» **Task objective**
Please transcribe all of the entries exactly, leaving out any images.

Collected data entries

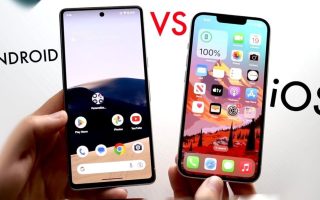 Android vs Apple: HP Mana yang Paling Banyak Terjual di Indonesia?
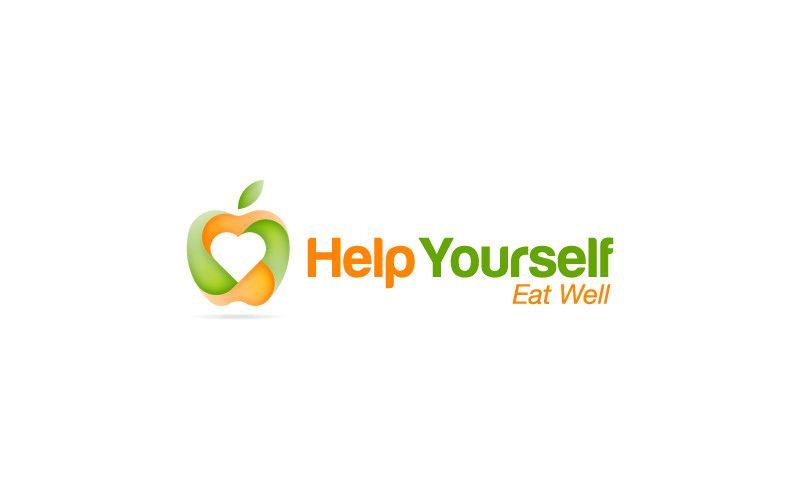 Self- Help Logo - Entry by leonch for Design a Logo for HELP YOURSELF self serve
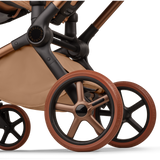 Bugaboo x Stella McCartney Fox 5 Renew 2-in-1 pushchair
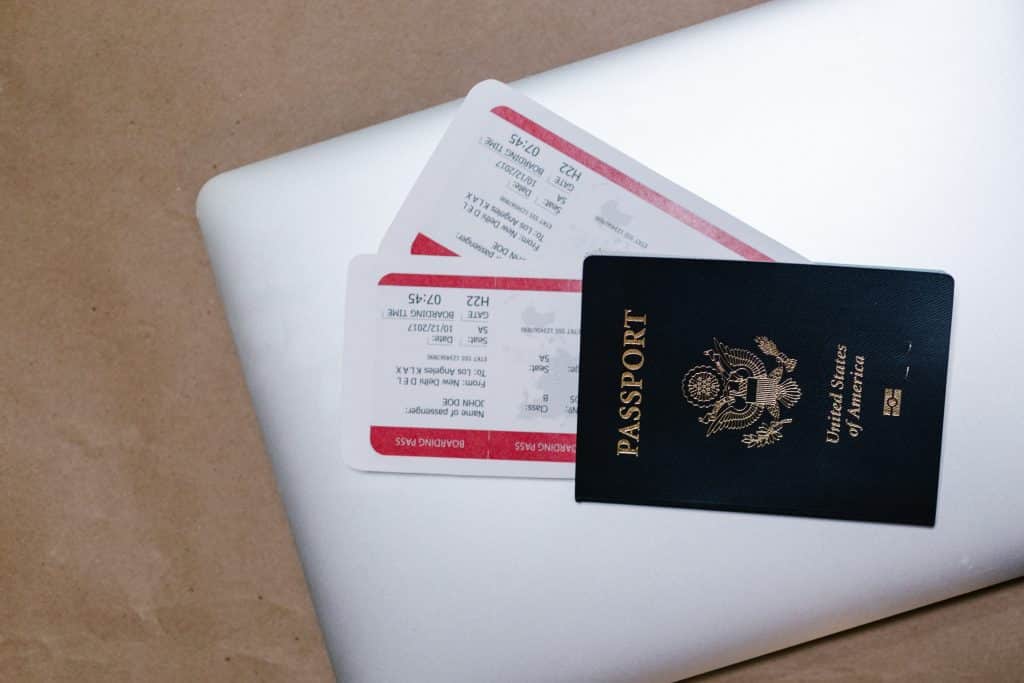 The US passport dropped one position since last year.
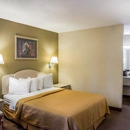 Quality Inn Tallahassee near University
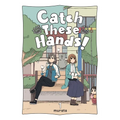 Catch These Hands!, Vol. 1 - Paperback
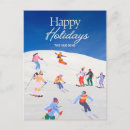 Recherche de stations de vacances cartes postales Moderne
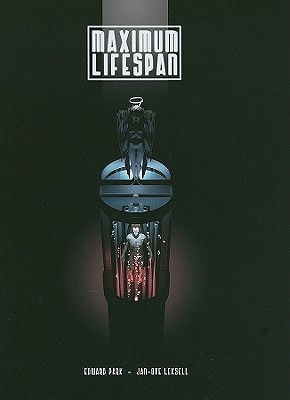 Maximum Lifespan: The Graphic Novel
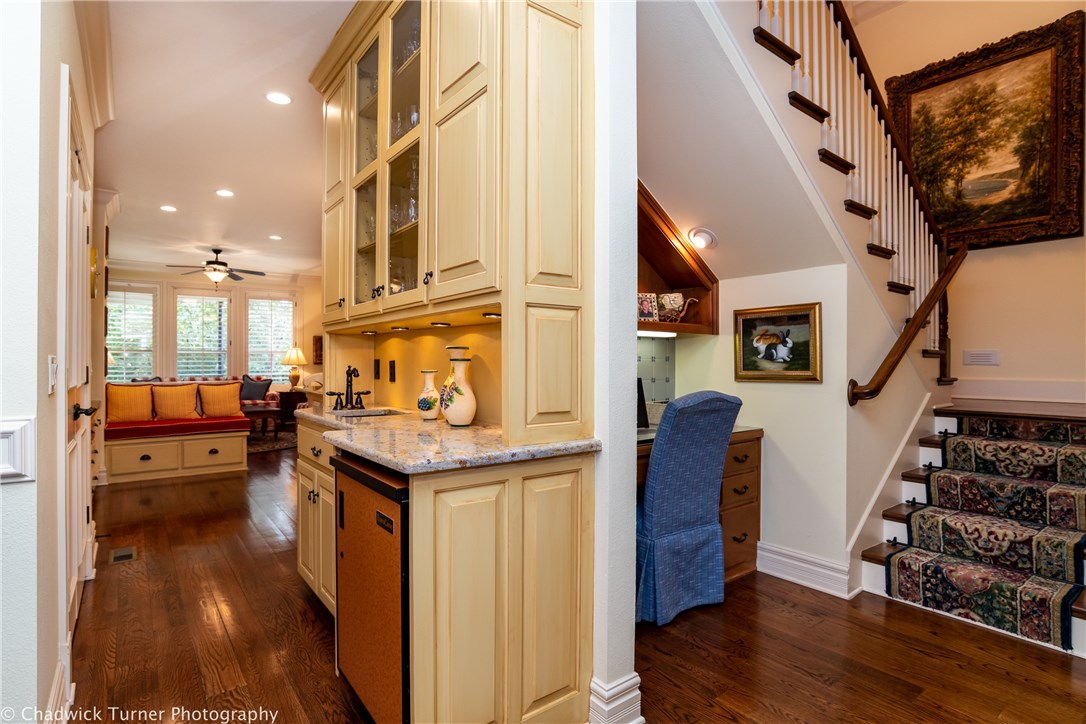 Pinnacle - Residential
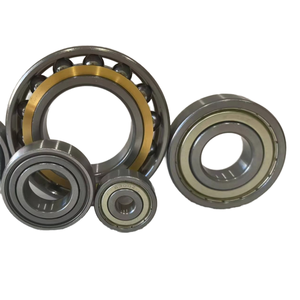 <span class=keywords><strong>Rodamiento</strong></span> de Rodillos Cilíndricos Original de Alta Calidad NU2204 RN204 RN208 C3 de Una Hilera, Rodamientos para Criba Vibratoria - Product Image 2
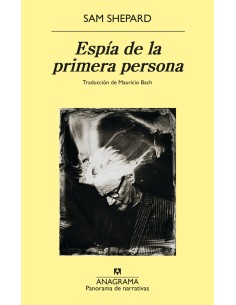 Espia de la primera persona
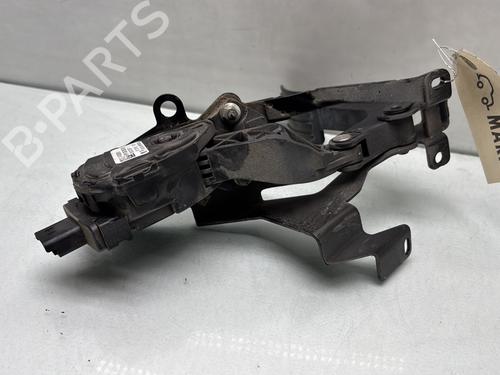 Used Pedal Pedal PEUGEOT EXPERT Van (VF3A_, VF3U_, VF3X_) 2.0 HDi 120 (120 hp) 29507793 29507793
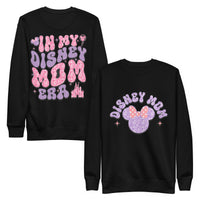 Unisex Premium Sweatshirt Good Vibrations Adult Super Store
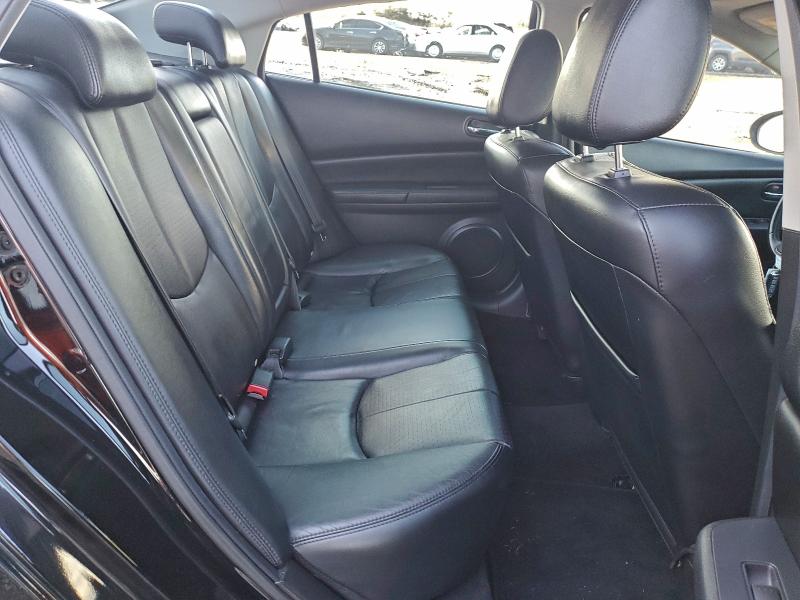 2011 MAZDA 6 S #3302749037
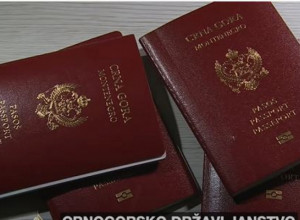 MANJE RAZVIJENI BEZ MILIONA? Manjinska Vlada Crne Gore novac od ekonomskih pasoša prebacila državi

» **Output for this exercise**
 Android vs Apple: HP Mana yang Paling Banyak Terjual di Indonesia?
 Self- Help Logo - Entry by leonch for Design a Logo for HELP YOURSELF self serve
 Bugaboo x Stella McCartney Fox 5 Renew 2-in-1 pushchair
 The US passport dropped one position since last year.
 Quality Inn Tallahassee near University
 Catch These Hands!, Vol. 1 - Paperback
 Recherche de stations de vacances cartes postales Moderne
 Maximum Lifespan: The Graphic Novel
 Pinnacle - Residential
 <span class=keywords><strong>Rodamiento</strong></span> de Rodillos Cilíndricos Original de Alta Calidad NU2204 RN204 RN208 C3 de Una Hilera, Rodamientos para Criba Vibratoria - Product Image 2
 Espia de la primera persona
 Used Pedal Pedal PEUGEOT EXPERT Van (VF3A_, VF3U_, VF3X_) 2.0 HDi 120 (120 hp) 29507793 29507793
 Unisex Premium Sweatshirt Good Vibrations Adult Super Store
 2011 MAZDA 6 S #3302749037
 MANJE RAZVIJENI BEZ MILIONA? Manjinska Vlada Crne Gore novac od ekonomskih pasoša prebacila državi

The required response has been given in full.